From: caut-bounces at ptg.org [mailto:caut-bounces at ptg.org] On Behalf Of wimblees at aol.com
Sent: Tuesday, May 05, 2009 11:37 PM
To: caut at ptg.org
Subject: Re: [CAUT] ghost tuning

David

Please explain a little more. What am I listening for when I hold down the two bass notes, and what interval are you using?
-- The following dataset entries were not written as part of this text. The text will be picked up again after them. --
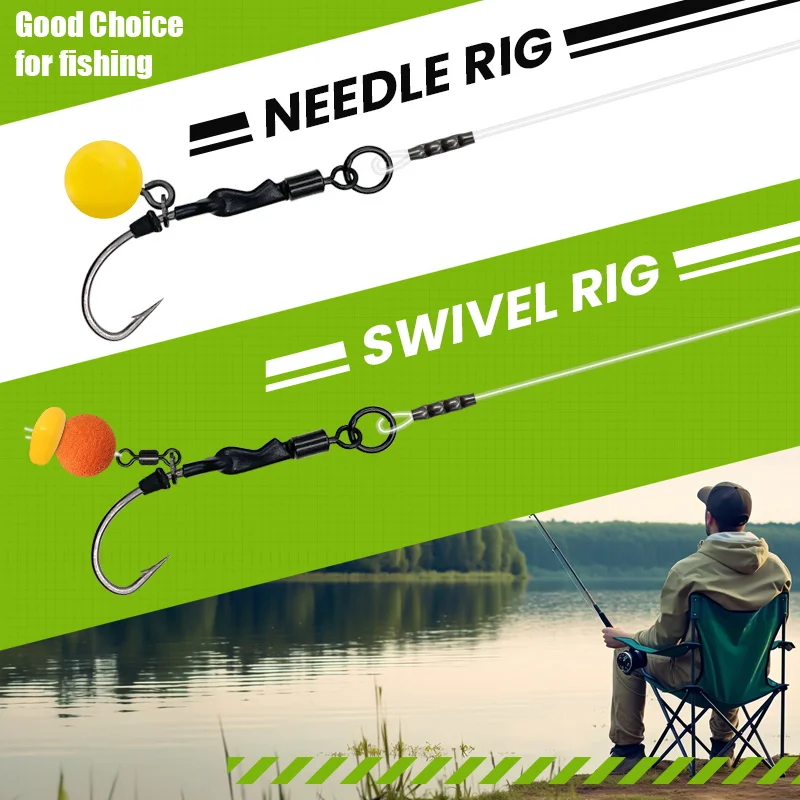 Image 3: 6 pièces/10 pièces Ronnie rig 3 Styles plate-forme à carpe 4 crochets tailles: 2 # , 4 # , 6 # , 8 #   - Ligne de pêche en fluorocarbone, pivotante à changement rapide et appât Sc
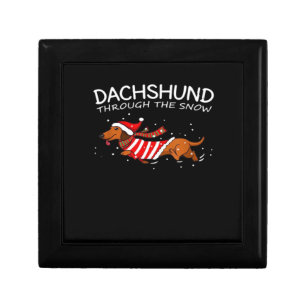 Dachshund Through The Snow Funny Dog Christmas Cla Gift Box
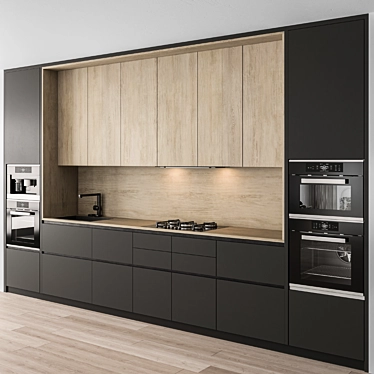 Sleek Black and Wood Kitchen 3D model image 1 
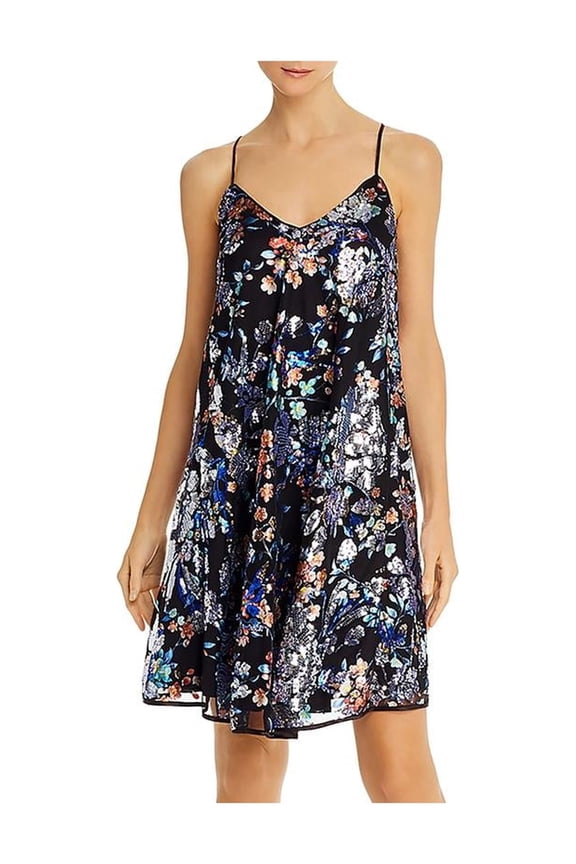 Womens Sequined Floral Print Shift Dress Black 6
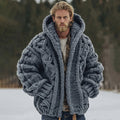 Men's Vintage Fairman Island Jacquard Thick Warm Hooded Sweater Cardigan elevenforest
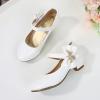 Girls High Heeled Shoes Children Leather Shoes Princess Dress Shoes Primary School Students Leather Shoes for Boys (White, 33) view 3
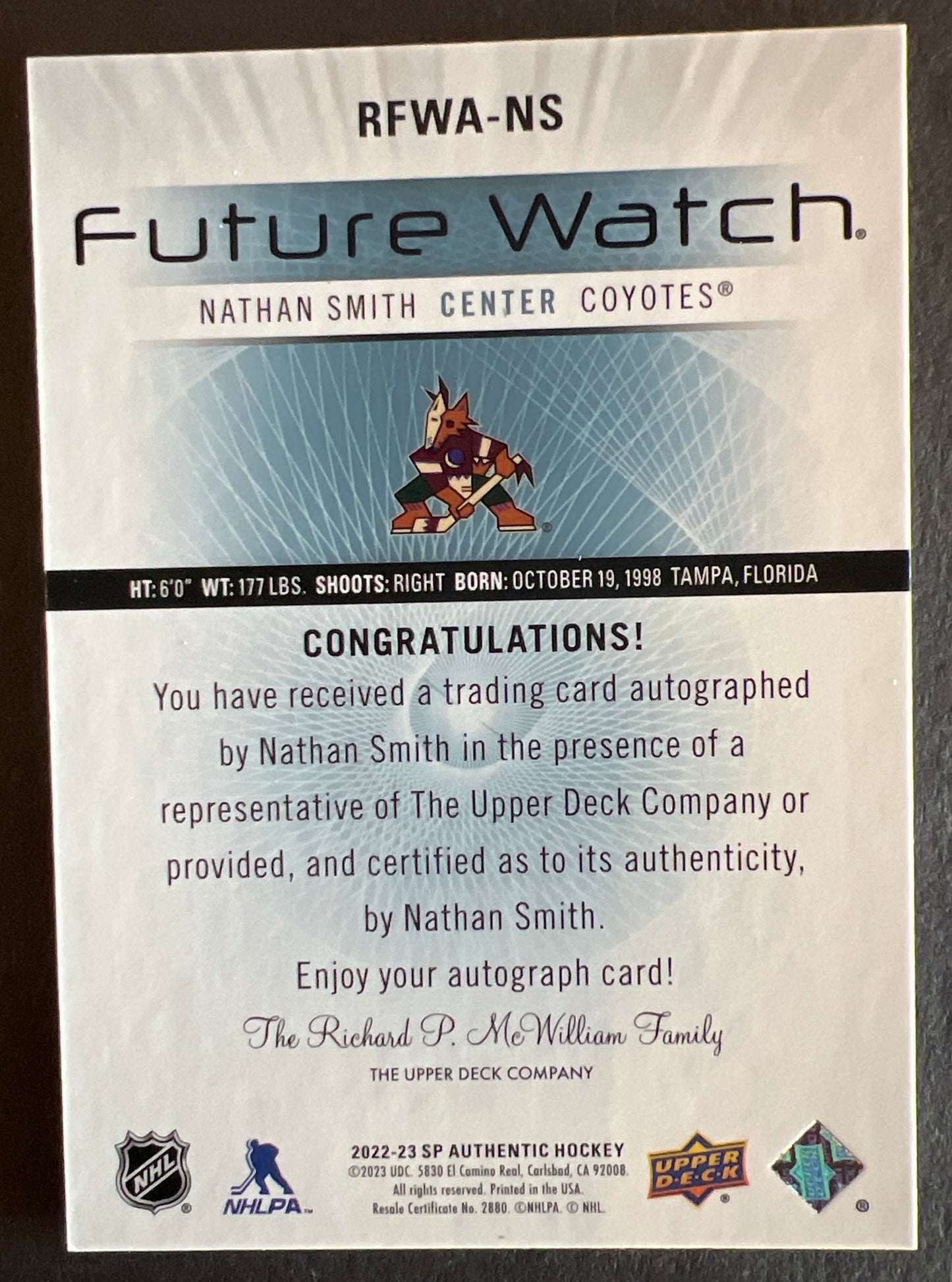 Nathan Smith Retro Future Watch Auto /699 - 2022/23 SP Authentic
If I hold down C1 & C2, what other note should I play, and what should I hear?
Wim

-----Original Message-----
From: David Love <davidlovepianos at comcast.net>
To: caut at ptg.org
Sent: Tue, 5 May 2009 5:11 pm
Subject: Re: [CAUT] ghost tuning
Hold down two bass notes (an octave apart) and strike the note the corresponds to the coincident harmonic that you want to use as the test partial.

David Love
www.davidlovepianos.com<http://www.davidlovepianos.com/>

From: caut-bounces at ptg.org<mailto:caut-bounces at ptg.org> [mailto:caut-bounces at ptg.org<mailto:caut-bounces at ptg.org?>] On Behalf Of wimblees at aol.com<mailto:wimblees at aol.com>
Sent: Tuesday, May 05, 2009 6:55 PM
To: caut at ptg.org<mailto:caut at ptg.org>
Subject: [CAUT] ghost tuning

Some time ago a tuner told me about ghost tuning the bass. I tried it a couple of times, but I've not used it for a long time, and forgot how it's done. From what I remember, you hold down a bass note, and listen to a partial an octave and third up, or the other way around. Does anyone know about this?